L'art. 328b CO limite le traitement des données personnelles du travailleur aux seules données qui portent sur les aptitudes du travailleur à remplir son emploi ou sont nécessaires à l'exécution du contrat de travail. Ce principe est complété par les dispositions de la Loi fédérale sur la protection des données (nLPD, en vigueur depuis le 1er septembre 2023), qui renforce les droits des travailleurs : droit d'accès, droit de rectification, droit à l'effacement et obligation de sécurité pour l'employeur. La surveillance électronique des travailleurs (emails, navigation internet, géolocalisation) est soumise à des conditions strictes et doit être annoncée. La violation de l'art. 328b CO peut donner lieu à des dommages-intérêts et à une action en cessation.
Quelle est la procédure pour contester un certificat de travail inexact ou défavorable ?
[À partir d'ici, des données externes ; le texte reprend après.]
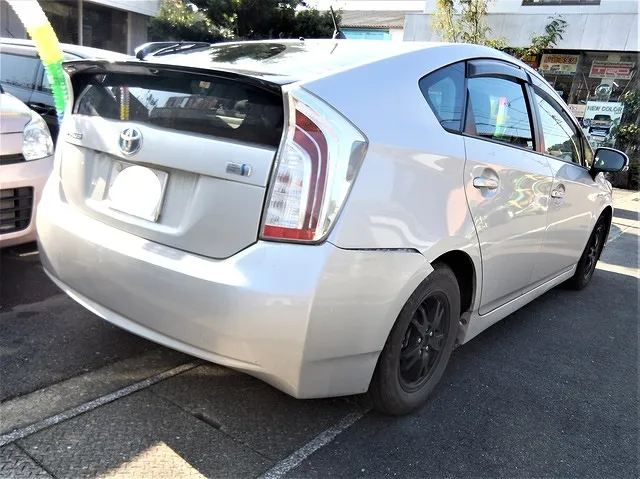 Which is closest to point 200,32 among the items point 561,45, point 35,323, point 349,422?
point 561,45

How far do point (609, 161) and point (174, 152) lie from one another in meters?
3.33

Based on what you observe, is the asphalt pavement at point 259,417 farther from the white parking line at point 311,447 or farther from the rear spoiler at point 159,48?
the rear spoiler at point 159,48

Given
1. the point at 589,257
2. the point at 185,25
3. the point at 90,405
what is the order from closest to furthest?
the point at 90,405 → the point at 589,257 → the point at 185,25

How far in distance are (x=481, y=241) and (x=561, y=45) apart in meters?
12.7

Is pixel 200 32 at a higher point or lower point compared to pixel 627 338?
higher

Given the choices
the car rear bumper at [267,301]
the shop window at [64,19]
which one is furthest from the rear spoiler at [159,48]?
the shop window at [64,19]

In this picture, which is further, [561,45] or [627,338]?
[561,45]

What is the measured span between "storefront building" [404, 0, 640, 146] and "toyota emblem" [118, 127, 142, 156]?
41.3ft

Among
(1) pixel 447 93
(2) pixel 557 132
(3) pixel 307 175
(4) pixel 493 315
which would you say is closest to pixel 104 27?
(2) pixel 557 132

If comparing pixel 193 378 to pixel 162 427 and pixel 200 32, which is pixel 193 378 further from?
pixel 200 32

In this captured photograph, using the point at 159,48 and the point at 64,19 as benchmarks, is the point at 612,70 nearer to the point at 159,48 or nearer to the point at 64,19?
the point at 159,48

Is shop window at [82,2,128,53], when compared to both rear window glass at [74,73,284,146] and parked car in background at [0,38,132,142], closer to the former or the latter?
parked car in background at [0,38,132,142]

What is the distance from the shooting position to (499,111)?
2967 millimetres

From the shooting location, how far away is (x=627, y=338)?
3943 millimetres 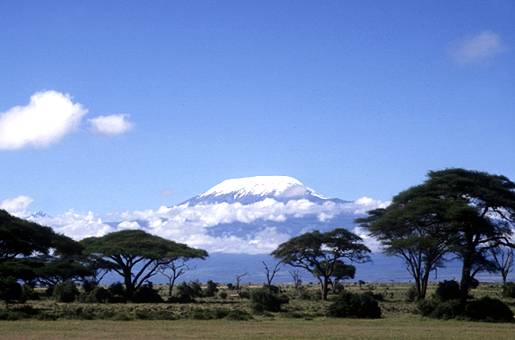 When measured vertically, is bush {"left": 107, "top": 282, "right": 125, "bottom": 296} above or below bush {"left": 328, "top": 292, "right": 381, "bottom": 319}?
above

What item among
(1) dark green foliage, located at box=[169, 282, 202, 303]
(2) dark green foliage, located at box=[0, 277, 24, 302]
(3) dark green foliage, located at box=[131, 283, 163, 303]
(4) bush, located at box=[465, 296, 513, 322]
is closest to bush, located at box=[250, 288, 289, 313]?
(4) bush, located at box=[465, 296, 513, 322]

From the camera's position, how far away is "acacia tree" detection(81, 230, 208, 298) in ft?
215

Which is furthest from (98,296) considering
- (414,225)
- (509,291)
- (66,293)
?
(509,291)

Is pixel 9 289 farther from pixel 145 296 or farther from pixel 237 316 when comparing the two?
pixel 145 296

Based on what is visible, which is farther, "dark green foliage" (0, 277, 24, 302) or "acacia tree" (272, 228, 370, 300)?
"acacia tree" (272, 228, 370, 300)

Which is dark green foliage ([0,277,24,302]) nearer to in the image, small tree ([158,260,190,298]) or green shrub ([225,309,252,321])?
green shrub ([225,309,252,321])

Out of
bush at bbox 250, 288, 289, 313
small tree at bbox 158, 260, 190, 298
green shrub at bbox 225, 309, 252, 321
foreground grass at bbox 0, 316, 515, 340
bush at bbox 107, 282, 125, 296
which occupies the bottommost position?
foreground grass at bbox 0, 316, 515, 340

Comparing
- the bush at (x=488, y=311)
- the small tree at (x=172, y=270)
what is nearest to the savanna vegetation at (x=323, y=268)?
the bush at (x=488, y=311)

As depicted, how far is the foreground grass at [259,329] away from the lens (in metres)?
28.4

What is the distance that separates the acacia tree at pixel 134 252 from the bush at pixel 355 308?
84.2 feet

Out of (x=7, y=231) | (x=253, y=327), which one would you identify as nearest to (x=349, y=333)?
(x=253, y=327)

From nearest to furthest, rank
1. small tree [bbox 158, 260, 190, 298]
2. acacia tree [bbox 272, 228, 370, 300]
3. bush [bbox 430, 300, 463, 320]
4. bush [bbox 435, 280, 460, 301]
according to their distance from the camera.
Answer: bush [bbox 430, 300, 463, 320] < bush [bbox 435, 280, 460, 301] < small tree [bbox 158, 260, 190, 298] < acacia tree [bbox 272, 228, 370, 300]

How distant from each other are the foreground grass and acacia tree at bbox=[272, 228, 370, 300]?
3445cm

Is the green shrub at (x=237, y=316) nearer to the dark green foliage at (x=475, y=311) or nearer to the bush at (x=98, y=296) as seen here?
the dark green foliage at (x=475, y=311) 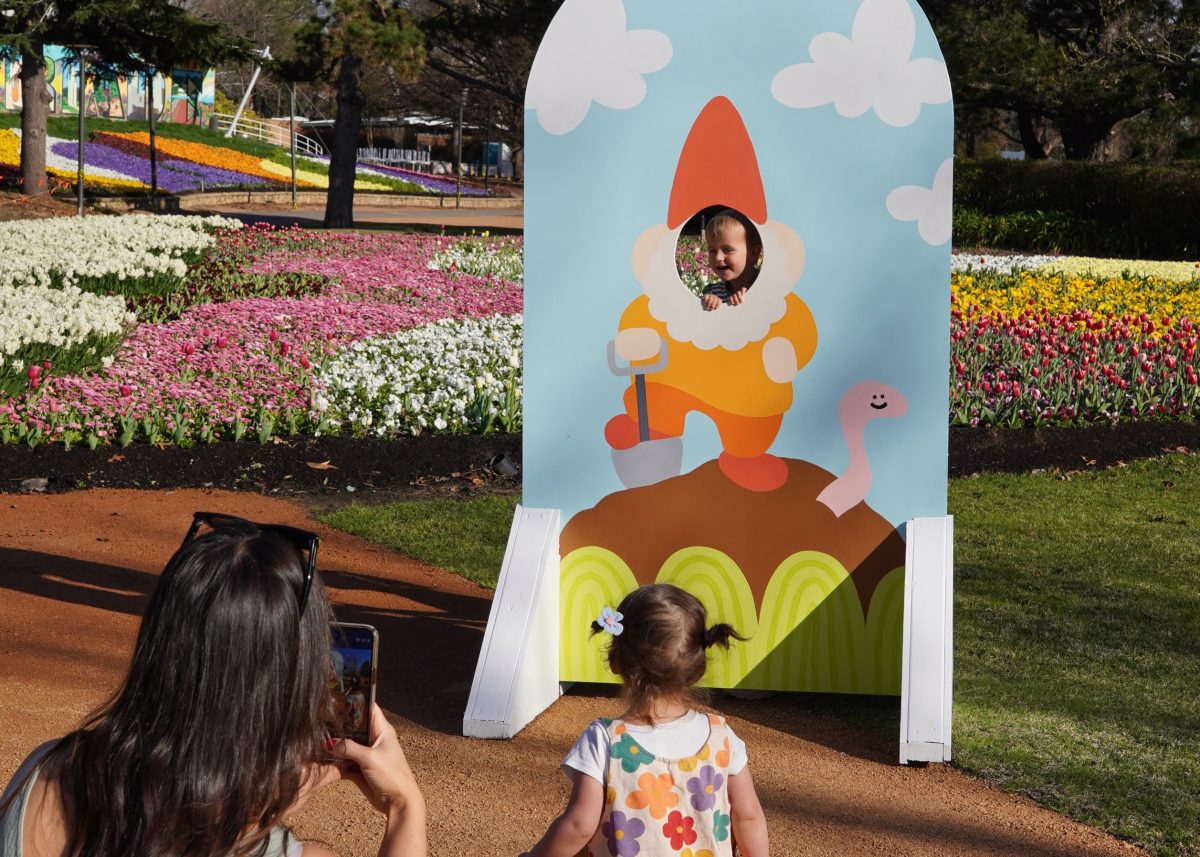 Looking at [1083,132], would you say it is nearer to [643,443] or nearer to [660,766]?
[643,443]

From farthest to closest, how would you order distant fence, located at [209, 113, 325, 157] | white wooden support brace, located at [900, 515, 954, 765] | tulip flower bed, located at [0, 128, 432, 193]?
1. distant fence, located at [209, 113, 325, 157]
2. tulip flower bed, located at [0, 128, 432, 193]
3. white wooden support brace, located at [900, 515, 954, 765]

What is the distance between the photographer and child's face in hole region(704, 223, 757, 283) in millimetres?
4512

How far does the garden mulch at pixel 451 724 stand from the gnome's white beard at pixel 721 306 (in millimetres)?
1235

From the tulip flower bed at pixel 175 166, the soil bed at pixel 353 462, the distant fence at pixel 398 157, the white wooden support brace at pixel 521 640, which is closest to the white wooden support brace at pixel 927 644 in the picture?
the white wooden support brace at pixel 521 640

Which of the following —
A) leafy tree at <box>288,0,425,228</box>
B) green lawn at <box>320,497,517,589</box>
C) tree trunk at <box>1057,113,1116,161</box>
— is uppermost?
tree trunk at <box>1057,113,1116,161</box>

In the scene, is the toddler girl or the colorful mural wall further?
the colorful mural wall

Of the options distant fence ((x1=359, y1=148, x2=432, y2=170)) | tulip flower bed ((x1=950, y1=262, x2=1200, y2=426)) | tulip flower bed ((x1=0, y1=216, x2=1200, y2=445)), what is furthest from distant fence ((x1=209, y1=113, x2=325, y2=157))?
tulip flower bed ((x1=950, y1=262, x2=1200, y2=426))

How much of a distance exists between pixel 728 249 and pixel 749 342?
1.03ft

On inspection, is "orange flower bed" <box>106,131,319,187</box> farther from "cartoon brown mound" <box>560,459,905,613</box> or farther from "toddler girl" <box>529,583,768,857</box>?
"toddler girl" <box>529,583,768,857</box>

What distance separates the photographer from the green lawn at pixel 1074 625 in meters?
3.90

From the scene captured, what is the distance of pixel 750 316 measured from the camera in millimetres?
4465

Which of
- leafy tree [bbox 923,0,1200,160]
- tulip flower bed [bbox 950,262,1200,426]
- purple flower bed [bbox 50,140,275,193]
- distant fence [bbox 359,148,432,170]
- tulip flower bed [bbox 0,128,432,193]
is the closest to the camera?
tulip flower bed [bbox 950,262,1200,426]

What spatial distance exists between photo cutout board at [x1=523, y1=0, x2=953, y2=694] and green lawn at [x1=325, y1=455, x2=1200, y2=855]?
1.93ft

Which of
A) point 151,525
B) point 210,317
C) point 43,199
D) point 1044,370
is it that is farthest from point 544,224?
point 43,199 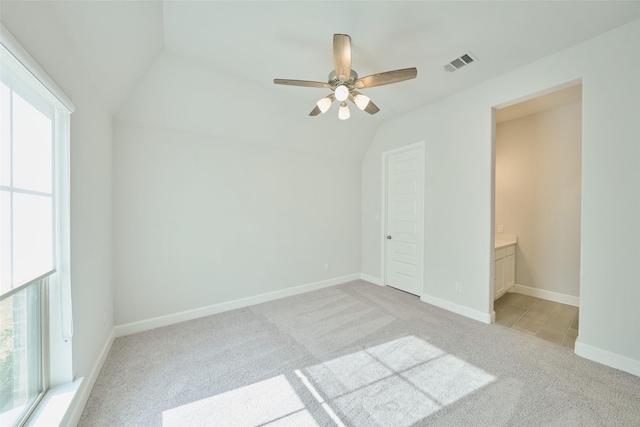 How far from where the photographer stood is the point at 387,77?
1956 millimetres

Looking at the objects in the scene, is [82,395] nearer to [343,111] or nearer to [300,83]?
[300,83]

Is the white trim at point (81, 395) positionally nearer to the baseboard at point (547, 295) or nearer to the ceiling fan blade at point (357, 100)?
the ceiling fan blade at point (357, 100)

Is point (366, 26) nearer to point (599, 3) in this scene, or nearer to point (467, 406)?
point (599, 3)

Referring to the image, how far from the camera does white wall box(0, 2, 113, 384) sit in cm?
117

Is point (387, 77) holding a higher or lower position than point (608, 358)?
higher

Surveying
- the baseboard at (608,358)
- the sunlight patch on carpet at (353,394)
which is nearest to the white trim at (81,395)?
the sunlight patch on carpet at (353,394)

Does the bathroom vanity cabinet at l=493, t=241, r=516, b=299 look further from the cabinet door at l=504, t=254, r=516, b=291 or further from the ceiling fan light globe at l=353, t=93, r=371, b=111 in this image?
the ceiling fan light globe at l=353, t=93, r=371, b=111

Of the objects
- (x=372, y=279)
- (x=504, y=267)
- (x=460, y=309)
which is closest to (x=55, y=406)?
(x=460, y=309)

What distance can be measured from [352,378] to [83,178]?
2.49 m

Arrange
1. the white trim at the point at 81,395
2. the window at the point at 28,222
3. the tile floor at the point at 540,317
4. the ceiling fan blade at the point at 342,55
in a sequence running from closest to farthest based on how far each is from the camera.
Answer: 1. the window at the point at 28,222
2. the white trim at the point at 81,395
3. the ceiling fan blade at the point at 342,55
4. the tile floor at the point at 540,317

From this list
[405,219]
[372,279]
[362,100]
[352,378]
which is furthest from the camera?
[372,279]

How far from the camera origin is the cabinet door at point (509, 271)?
11.9 feet

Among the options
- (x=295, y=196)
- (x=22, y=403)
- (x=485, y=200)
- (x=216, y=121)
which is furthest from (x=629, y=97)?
(x=22, y=403)

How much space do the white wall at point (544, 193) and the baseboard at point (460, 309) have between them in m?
1.62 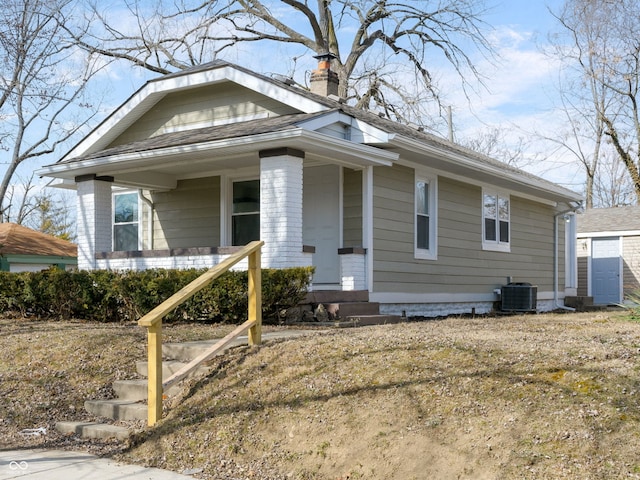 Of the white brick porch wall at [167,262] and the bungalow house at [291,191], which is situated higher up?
the bungalow house at [291,191]

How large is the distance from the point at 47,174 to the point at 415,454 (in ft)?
38.4

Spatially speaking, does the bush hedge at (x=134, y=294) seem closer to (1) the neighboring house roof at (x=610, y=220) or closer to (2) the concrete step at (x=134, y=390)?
(2) the concrete step at (x=134, y=390)

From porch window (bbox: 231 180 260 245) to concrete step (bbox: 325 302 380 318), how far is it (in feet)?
10.6

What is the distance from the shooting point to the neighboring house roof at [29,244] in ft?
87.1

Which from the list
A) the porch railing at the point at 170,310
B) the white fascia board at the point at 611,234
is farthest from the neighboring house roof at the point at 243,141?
the white fascia board at the point at 611,234

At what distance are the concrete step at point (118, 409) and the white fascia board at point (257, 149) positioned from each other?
521 cm

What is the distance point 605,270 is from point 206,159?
18.8 m

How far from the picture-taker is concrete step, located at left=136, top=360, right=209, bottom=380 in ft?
24.1

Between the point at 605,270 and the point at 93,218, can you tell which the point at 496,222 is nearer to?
the point at 93,218

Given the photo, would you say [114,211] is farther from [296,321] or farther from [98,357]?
[98,357]

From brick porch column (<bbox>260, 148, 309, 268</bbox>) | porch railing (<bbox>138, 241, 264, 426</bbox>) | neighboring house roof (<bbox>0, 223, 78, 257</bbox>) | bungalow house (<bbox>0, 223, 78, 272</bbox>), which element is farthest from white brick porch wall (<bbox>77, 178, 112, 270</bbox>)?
neighboring house roof (<bbox>0, 223, 78, 257</bbox>)

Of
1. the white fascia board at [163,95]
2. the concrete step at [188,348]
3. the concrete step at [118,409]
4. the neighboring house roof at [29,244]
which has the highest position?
the white fascia board at [163,95]

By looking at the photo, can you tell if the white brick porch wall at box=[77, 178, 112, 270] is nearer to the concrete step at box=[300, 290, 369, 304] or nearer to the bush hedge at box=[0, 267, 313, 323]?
the bush hedge at box=[0, 267, 313, 323]

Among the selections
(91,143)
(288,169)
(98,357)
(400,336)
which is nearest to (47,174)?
(91,143) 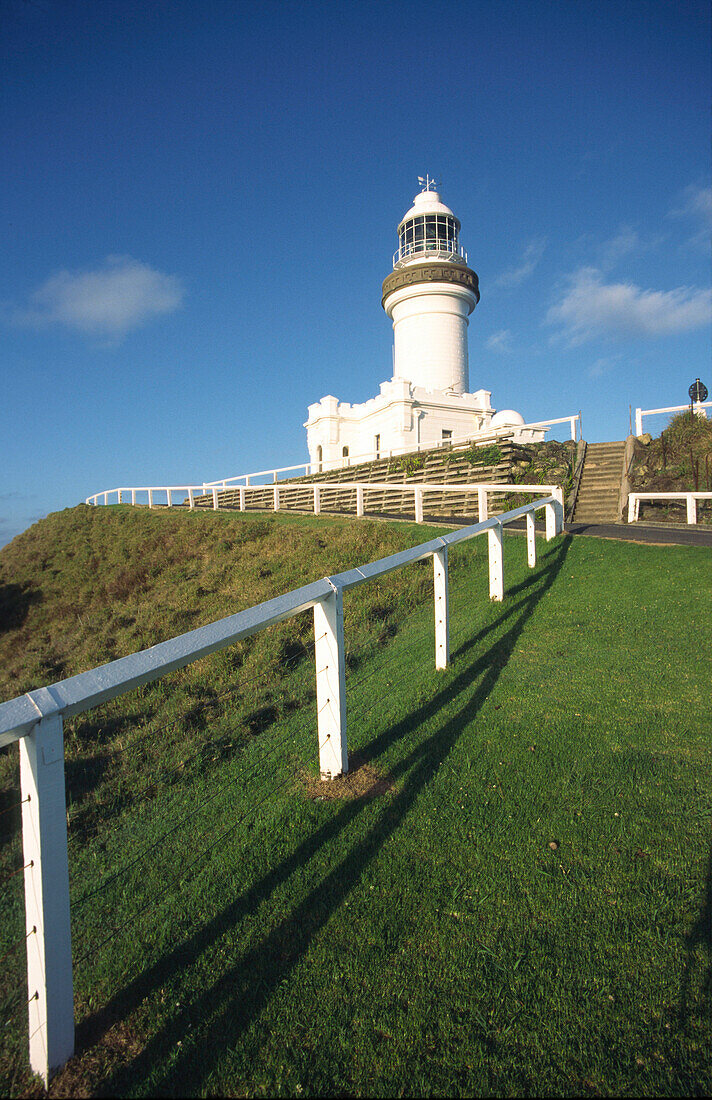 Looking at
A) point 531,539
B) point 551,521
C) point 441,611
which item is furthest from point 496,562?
point 551,521

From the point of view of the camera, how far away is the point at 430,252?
32156 millimetres

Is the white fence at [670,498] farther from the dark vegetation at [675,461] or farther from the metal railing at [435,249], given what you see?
the metal railing at [435,249]

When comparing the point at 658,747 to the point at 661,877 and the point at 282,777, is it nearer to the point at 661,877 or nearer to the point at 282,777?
the point at 661,877

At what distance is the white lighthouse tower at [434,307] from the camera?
31094 millimetres

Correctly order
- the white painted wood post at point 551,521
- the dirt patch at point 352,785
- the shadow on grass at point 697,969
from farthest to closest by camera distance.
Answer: the white painted wood post at point 551,521
the dirt patch at point 352,785
the shadow on grass at point 697,969

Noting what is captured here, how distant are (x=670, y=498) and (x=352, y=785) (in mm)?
Answer: 11651

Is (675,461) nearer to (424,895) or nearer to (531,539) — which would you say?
(531,539)

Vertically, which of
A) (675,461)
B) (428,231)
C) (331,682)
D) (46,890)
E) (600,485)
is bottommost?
(46,890)

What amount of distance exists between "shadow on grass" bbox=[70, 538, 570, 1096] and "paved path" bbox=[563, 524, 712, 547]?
7908mm

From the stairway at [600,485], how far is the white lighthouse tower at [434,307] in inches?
590

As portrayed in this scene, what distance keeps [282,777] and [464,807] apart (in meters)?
1.07

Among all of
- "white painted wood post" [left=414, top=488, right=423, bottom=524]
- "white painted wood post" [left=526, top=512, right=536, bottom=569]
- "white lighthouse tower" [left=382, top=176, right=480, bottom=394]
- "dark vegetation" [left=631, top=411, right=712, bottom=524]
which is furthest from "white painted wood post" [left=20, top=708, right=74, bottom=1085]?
"white lighthouse tower" [left=382, top=176, right=480, bottom=394]

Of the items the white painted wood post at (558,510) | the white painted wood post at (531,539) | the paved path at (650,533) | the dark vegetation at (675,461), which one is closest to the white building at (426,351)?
the dark vegetation at (675,461)

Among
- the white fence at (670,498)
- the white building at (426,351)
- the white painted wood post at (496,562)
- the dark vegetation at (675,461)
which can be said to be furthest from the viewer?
the white building at (426,351) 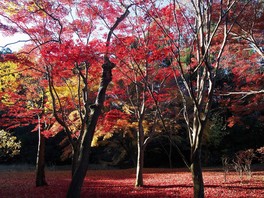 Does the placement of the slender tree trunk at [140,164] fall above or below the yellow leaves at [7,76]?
below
L'art. 330a CO confère au travailleur le droit d'obtenir à tout moment un certificat de travail complet, véridique et bienveillant dans sa formulation. Un certificat qui ne satisfait pas à ces exigences peut être contesté en justice. Le travailleur peut d'abord demander une rectification amiable à l'employeur. Si ce dernier refuse, une action judiciaire en délivrance d'un certificat conforme peut être introduite devant le tribunal du travail compétent. Le juge dispose d'un large pouvoir d'appréciation pour déterminer la formulation appropriée. Il n'existe pas de délai légal de prescription pour cette action, mais il est recommandé d'agir rapidement, car la mémoire des faits s'estompe avec le temps.